## What you will do
Extract each line of the material that follows exactly and omit its pictures.

## Provided records

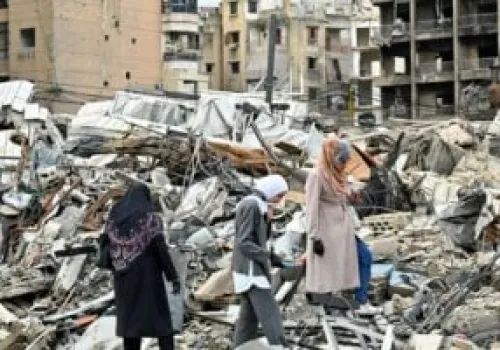 تصاعد التوترات في جنوب لبنان: غارات إسرائيلية تستهدف المدنيين العائدين إلى منازلهم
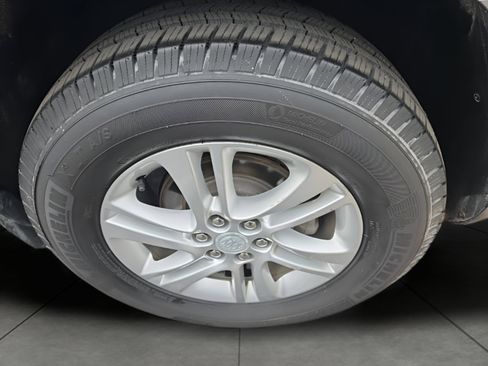 Used 2019 Buick Enclave Essence AWD/4WD image 12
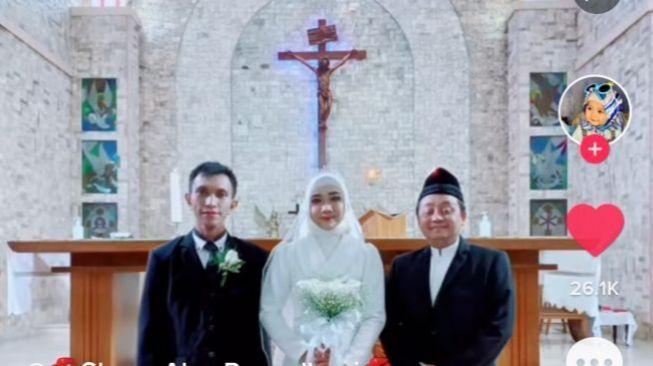 MUI Haramkan Nikah Beda Agama di Kota Semarang, Abu Janda Pasang Badan: Agama Bukan Pembatas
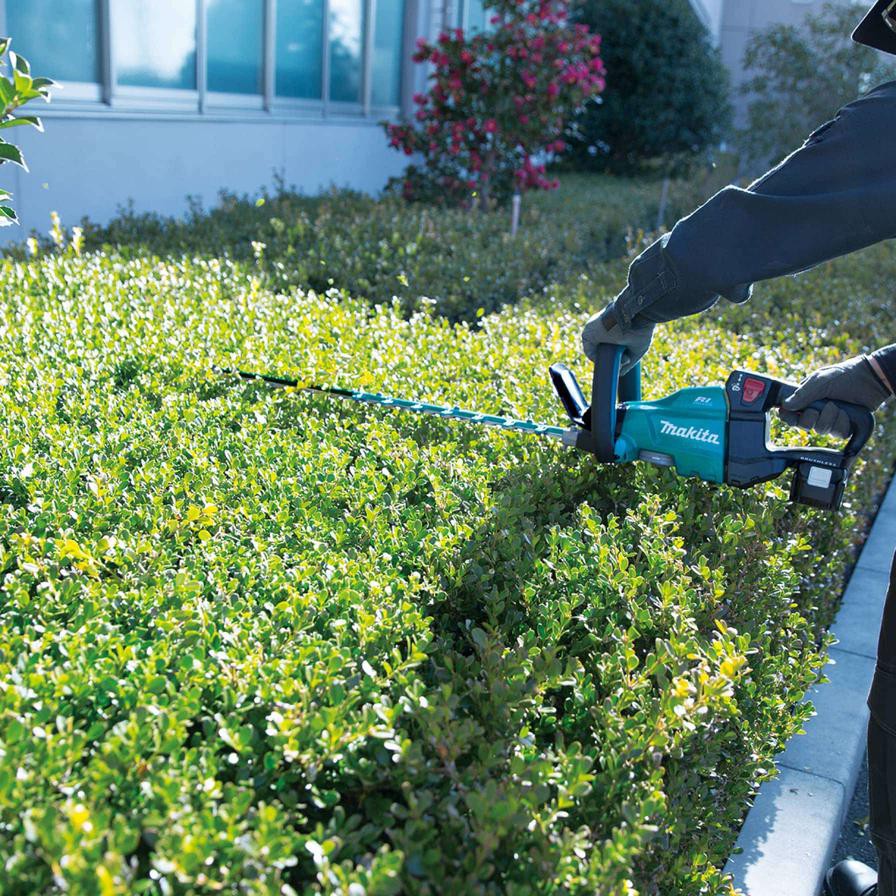 Makita Cordless Brushless Hedge Trimmer, DUH751Z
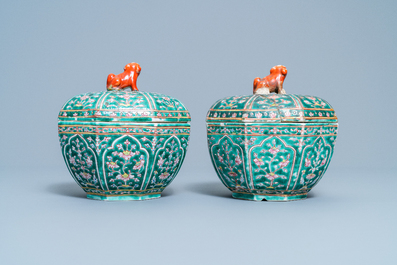 Une paire de bo&icirc;tes couvertes en porcelaine de Chine Bencharong pour le march&eacute; thai, 19&egrave;me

## Written solution
 تصاعد التوترات في جنوب لبنان: غارات إسرائيلية تستهدف المدنيين العائدين إلى منازلهم
 Used 2019 Buick Enclave Essence AWD/4WD image 12
 MUI Haramkan Nikah Beda Agama di Kota Semarang, Abu Janda Pasang Badan: Agama Bukan Pembatas
 Makita Cordless Brushless Hedge Trimmer, DUH751Z
 Une paire de bo&icirc;tes couvertes en porcelaine de Chine Bencharong pour le march&eacute; thai, 19&egrave;me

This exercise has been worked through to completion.